▸ What is needed
With the pictures left out, retype exactly the lines below starting at the line that contains "TV, fireplace, DVD" and ending at the line that contains "Imagem: A casa".

▸ Information provided

--- START ---

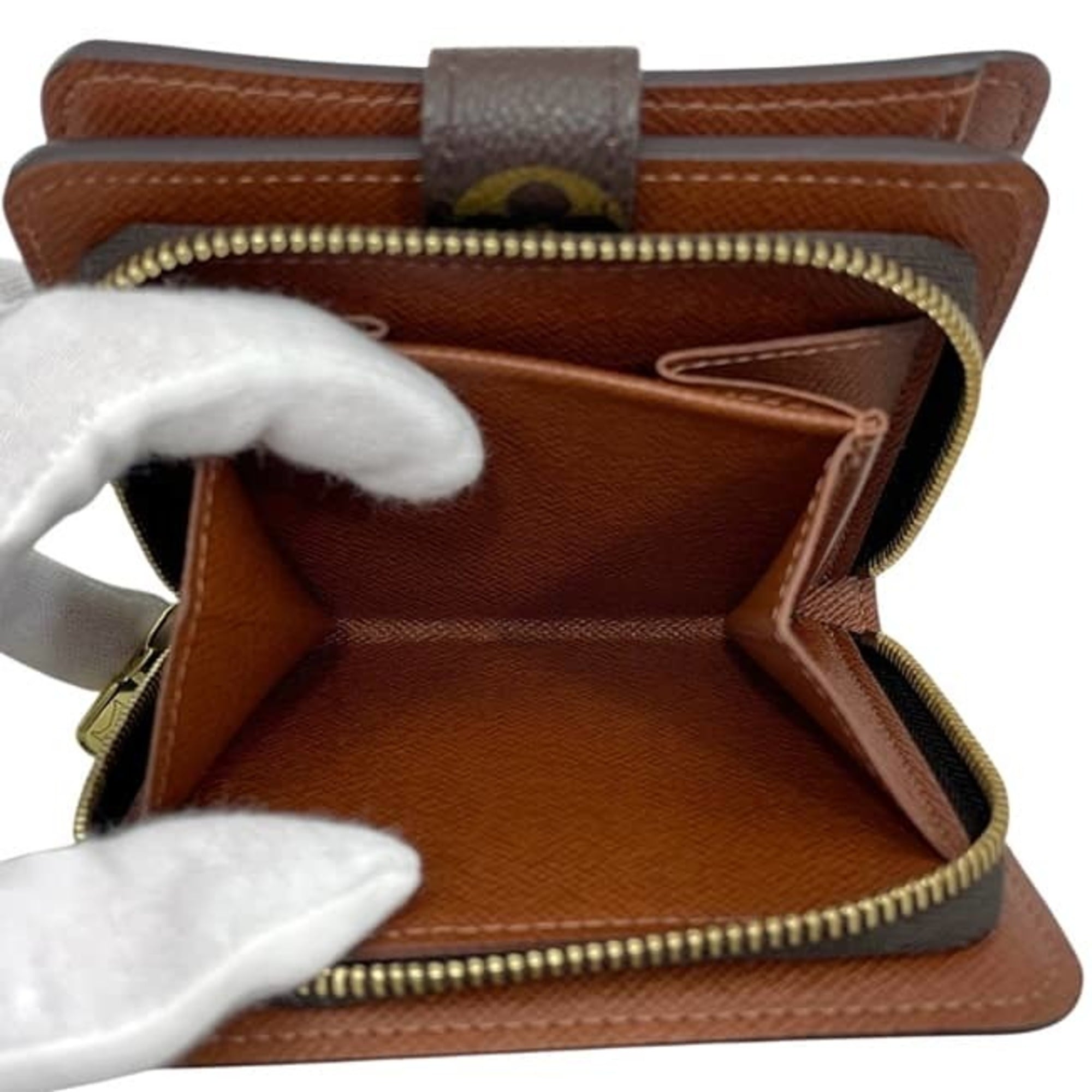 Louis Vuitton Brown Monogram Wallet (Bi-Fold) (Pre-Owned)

--- END ---
--- START ---

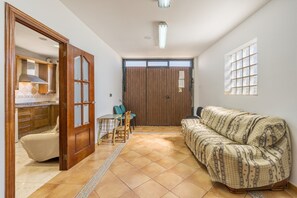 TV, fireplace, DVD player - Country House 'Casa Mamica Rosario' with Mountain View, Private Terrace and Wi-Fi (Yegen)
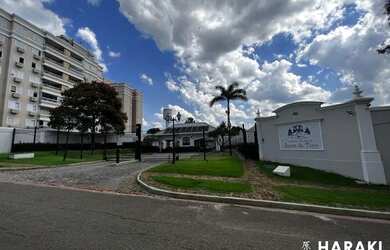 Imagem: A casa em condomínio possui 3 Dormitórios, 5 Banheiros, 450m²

--- END ---

▸ Output
 TV, fireplace, DVD player - Country House 'Casa Mamica Rosario' with Mountain View, Private Terrace and Wi-Fi (Yegen)
 Imagem: A casa em condomínio possui 3 Dormitórios, 5 Banheiros, 450m²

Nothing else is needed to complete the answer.